Fácil perceber que as hipóteses de perda do cargo estatutário e rescisão de contrato de emprego público são praticamente as mesmas: avaliação de desempenho insatisfatória, falta funcional/justa causa, sentença judicial, devendo ser acrescentadas ainda para ambos a acumulação ilegal (art. 37, inc. XVI CF), e o esgotamento das medidas prévias de redução de excesso de despesas (art. 169, §4º CF). O único instituto previsto apenas na Constituição que se poderia supor "distintivo" entre o cargo estatutário e o emprego público seria a disponibilidade, mas ela decorre simplesmente da extinção da vaga por meio de lei (quando ocupada) ou decreto (na vacância). As vagas, tanto de cargos quanto de empregos públicos em estatais que prestam serviço público são todas homologadas e controladas pelo Tribunal de Contas. Não haveria razão para duvidar da incidência da disponibilidade ao emprego público, portanto, s.m.j.

A bem da verdade, todos os institutos previstos nos regimentos dos servidores estatutários, como participação contributiva do poder público para o benefício de aposentadoria, licenças remuneradas ou não (v. art. 476-A e §§ da CLT), podem ser reproduzidos no regime de emprego público, bastando atender à previsão orçamentária para aquelas parcelas remuneratórias que gerem despesa. 
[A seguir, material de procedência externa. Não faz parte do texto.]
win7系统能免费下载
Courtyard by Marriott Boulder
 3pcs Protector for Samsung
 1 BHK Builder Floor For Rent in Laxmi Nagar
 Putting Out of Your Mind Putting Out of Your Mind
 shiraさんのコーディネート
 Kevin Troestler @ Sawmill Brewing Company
[17] Não é certo afirmar que o Direito Administrativo seria "da administração". Ele também regula o poder político, vendo-se aparelhado de medidas aptas à coibição de abusos de poder. O empregado público ingressa na administração pública de modo impessoal pela via do concurso. Contabiliza algumas garantias contra o arbítrio diretivo e sua autonomia político-administrativa é consideravelmente superior a dos empregados nas empresas. São muito comuns reclamatórias de empregados públicos com vínculo ativo, fato rarefeito ou inexistente na iniciativa privada. Isto demonstra a diferença de rigor subordinante e a inadequação de tipos estruturantes do Direito do Trabalho muito forjados na presunção de um (abuso do) poder patronal muito incisivo, que deu origem à revolução industrial. 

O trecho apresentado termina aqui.